Another strike is that the hero, Naga, is supposed to be very cool and bad ass. Groovy. Now, while I'm all in favor of letting a character have moments of vulnerability, I know as a writer that you have to be careful. If your character spends most of a book helpless, embarrassed, injured, or unconscious, the reader is not going to believe your character is bad-ass no matter how many times you say "Ooo! Looky! Special ninja training and biiig scary weapons!"

In short, if your main character spends the whole book with indigestion, either throwing up or hunkering over the chamberpot, or picking his riding sores, or having repeated painful siezures that lay him on his ass for a whole chapter every single time, or having flashbacks to his Formative Traumatic Event ™, then you have a problem.

This could all be overcome with an engaging narrative voice, brisk pacing, clean structure, and other interesting characters. Yet these features are not offered with this model.

The plot is one of those where, just when something is about to happen, it doesn't. And when something does happen, it is confusing and hard to understand, and you have to read it twice before you can figure out what the heck is going on, so you're actually glad things don't happen more often because that makes it easier to care.

The other characters might be interesting. The writing is too self-aware and cleverly convoluted to really allow us to take time off from trying to figure out what in Hell is going on to actually care.

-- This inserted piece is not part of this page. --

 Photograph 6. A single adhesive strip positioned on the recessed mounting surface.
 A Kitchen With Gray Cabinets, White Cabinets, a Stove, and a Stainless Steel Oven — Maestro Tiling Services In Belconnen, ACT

Add to this the poorly-realized demi-romance between the main character and his liege. Now, I don't have a problem with romance when it's done well. I'm so much a sucker for it, actually, that you could hang me off a picture window if you put a romantic fantasy novel in my hands. This was just . . . what the hell do these characters see in each other? One is incomprehensible and vague, which is always sexy, the other one is the poster boy for Wise Young Ruler Guy, yet the author fails to make these traits intriguing, and instead just lets them be tiresome.

They spend a lot of time having really intense feelings of friendship for each other, which I think is really, really cool, because there's not enough written about guys being friends. But it's clear that there is an undercurrent of something more . . . like they're both just waiting around for the other to put on the Barry White and make the first move.

Jesus, Lady. If you're going to imply something that heavily, you might as well come out and say it. The characters wrestle naked and wash each other's butts, and the main character sleeps in his liege's bed. It's okay to say they're totally queer for each other. We get it. Maybe back in 1987, before homosexuality in books had been invented by Harry Potter, it was a shock for people to think about two men having sex. Those were the dark ages. The author or her editor might have been afraid of traumatizing someone who didn't know that gay sex even existed. But thanks to a tireless P.R. campaign by the Republican party, now everyone knows about gay sex and its thrill-a-minute racecar appeal, and so this book's undercurrent of poop-smeared desert midget/hairy blonde guy lust fails to shock. Except by being poorly rendered. That's always kind of shocking.

I'm sorry. I got kind of carried away there. I'm not saying the author doesn't have talent. She does. Quite a bit, actually, if she could just let her prose breathe instead of trying desperately to make it be all meaningful and pretty. But her talent is not enough. If she'd been more interested in serving the demands of plot and character, and less interested in the sound of her own voice, it might have succeeded. As it is . . . nope. Sorry.

She hasn't published anything under this name beyond this book and its sequel, and both are out of print, so . . . self-correcting problem, I suppose.

I'm going to read its sequel, but only because I have it and I paid money for it, so I can't "waste" it.

I'm going to read something else first, though.